Being 3d printed, I’d imagine you’d shear many of those teeth before you skip any.
However, you could probably use one of those spline shaft to 8mm outputs into a 32dp pinion and purchase an internal gear like this one https://www.mcmaster.com/2696n3 . Granted, it’s a bit expensive.
A concern with this design is that a lot of the critical parts have to be strong, small, and tight. The orange standoffs can’t be loose, the screw holding the sprockets can’t get loose or you get a sprocket messing up the inside of the tube. Lots of critical parts relying on small pieces and precision that don’t lock. With this also giving most of the torque to make the robot move, I’d add a couple more supports. Two standoffs to me does not feel like enough because it can twist. I may be wrong, but material choice may contribute a factor as to how it will handle torquing and quick changes in direction. But overall, a very cool design, very compact.
You definitely could be right here. Thankfully there are options for reinforcement, like running a tube between the gearbox plates and adding carbon fiber reinforcement into the center wheels.
I was basically just hoping that 3/4" of face width would save me here. But carbon fiber could help too.
That’s a good point. As far as the standoff goes, we have a 3/4" reamer for doing motor bosses that would probably work. The bolt on the output shaft will definitely have to be red loctited, which can quickly become a pain if it has to be removed.

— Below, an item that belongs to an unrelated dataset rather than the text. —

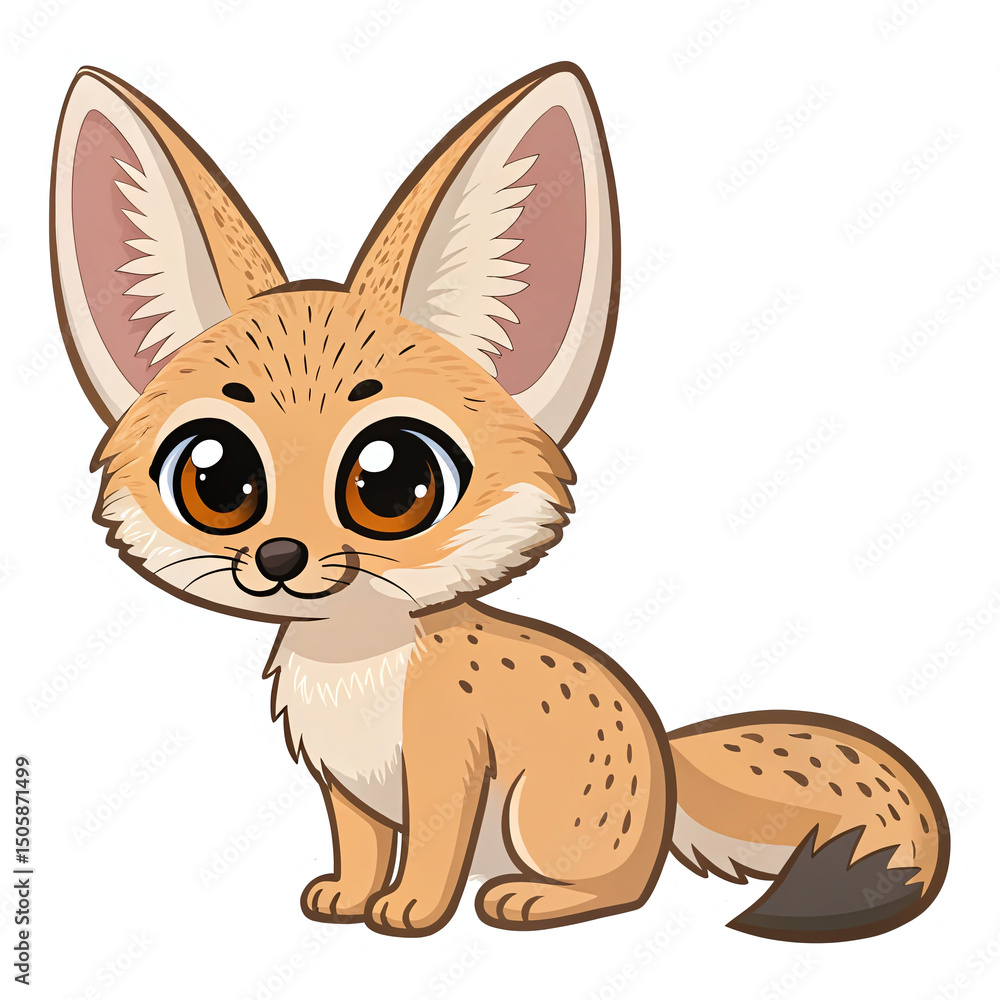 Poster cute cartoon fennec fox character with large ears and playful expression on transparent background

We’ll probably never know if these would be serious problems, but I think it would be cool to test the concept in the off season someday. By my count it only has 27 non-cots parts, so it probably wouldn’t be too huge if a resource sink.
Maybe? But If I can shear teeth off an aluminum gear, I’d be sort of nervous about it 3dp ones. Any time you take a hard hit you could risk shock loading those teeth, which could come right off
I don’t see why you couldn’t make the wheel custom with wire EDM. It’ll certainly be more expensive and take longer to make, but it will be much stronger than 3D printing.
I’d suggest maybe splitting the wheel module into 2-3 pieces if going that route. You would have the wheel, the internal ring gear, and the hex hub. All could bolt together. It would offer a little more flexibility in testing but more weight.
Then you could just EDM or waterjet a metal internal ring gear, if needed. Or test with other 3dp materials. Using a COTs hex hub might be another possibility, I’m not really sure how well the 3dp hex holds up (we used hubs for some pulleys we printed). Our 3dp internal ring gears held up but I’m not confident they would have with greater reduction and/or less teeth engaged. They were PETG w/ 20% CF.
Note that the carrier gears are static held to the motor face plate, if that was a question.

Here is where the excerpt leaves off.